WHAT TO DO -
Retype word for word the line containing "Nakon sinoćnjeg incidenta" and each line that follows it in the records below, through the last one, with no pictures.

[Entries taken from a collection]

##############################

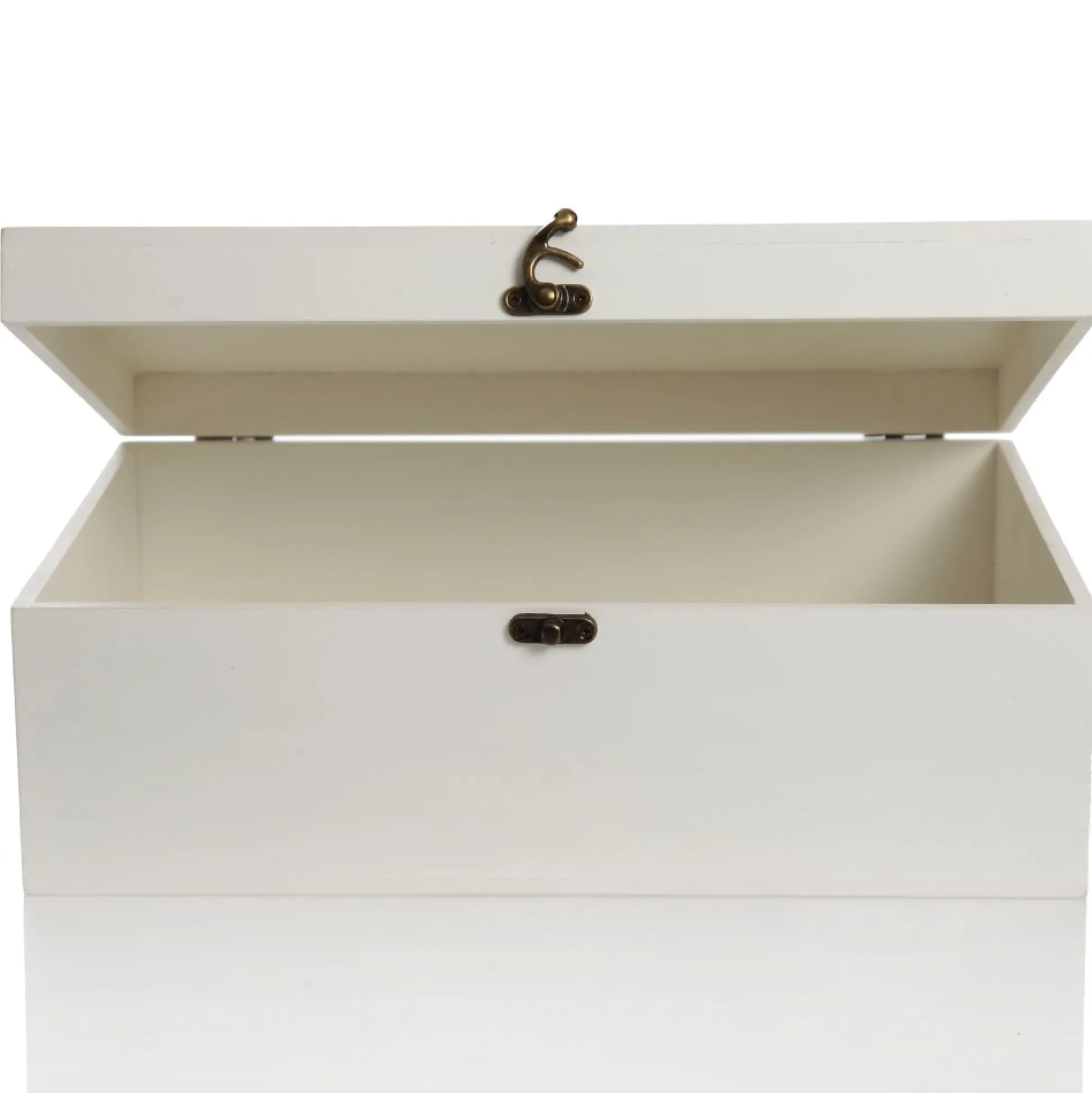 Personalised White Wooden Christmas Eve Box Gift Wrap, Boxes, Bags & Tags|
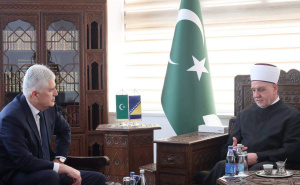 Nakon sinoćnjeg incidenta u Stocu: Čović posjetio reisa Kavazovića, razgovarali o suzbijanju mržnje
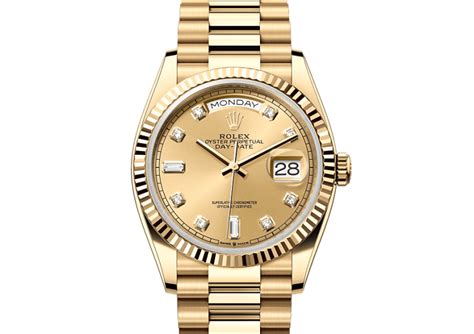 rolex day date acier|rolex day date woman.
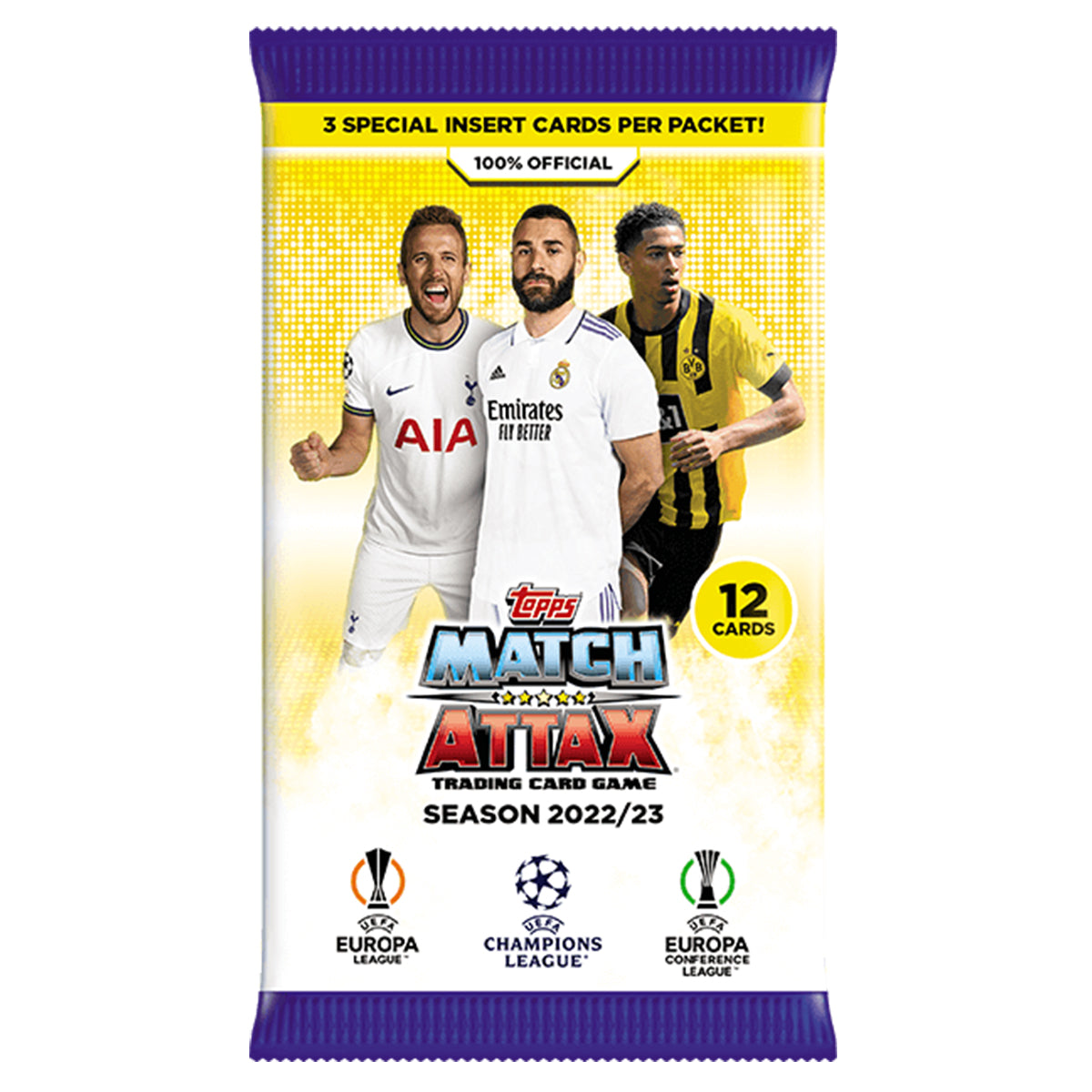 MATCH ATTAX UEFA Champions League 2022/2023 Edition Booster Box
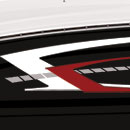 VX Sport Graphic - White/Red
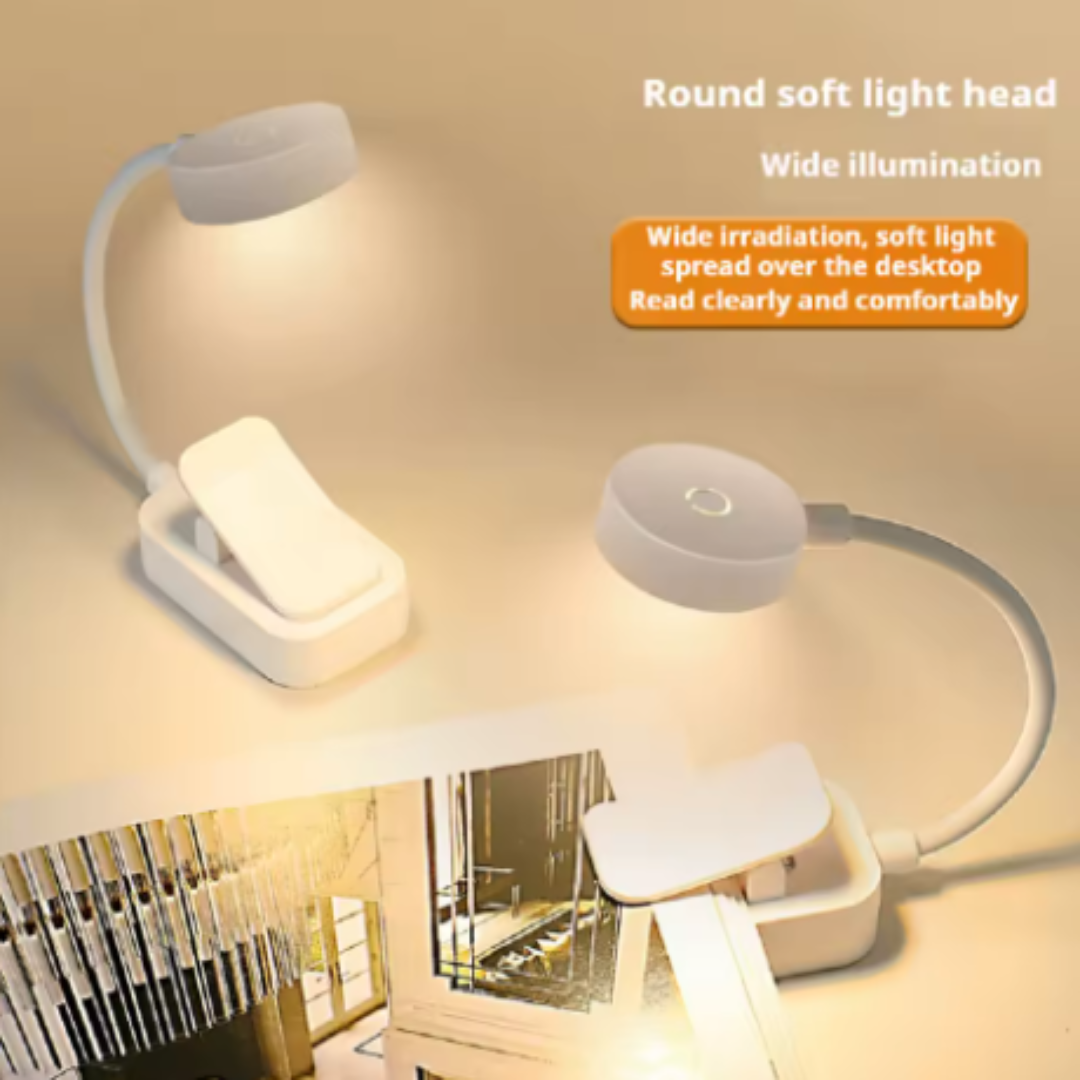 Mini lampara led plegable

##############################

RESULT OF THIS EXERCISE -
 Nakon sinoćnjeg incidenta u Stocu: Čović posjetio reisa Kavazovića, razgovarali o suzbijanju mržnje
 rolex day date acier|rolex day date woman.
 MATCH ATTAX UEFA Champions League 2022/2023 Edition Booster Box
 VX Sport Graphic - White/Red
 Mini lampara led plegable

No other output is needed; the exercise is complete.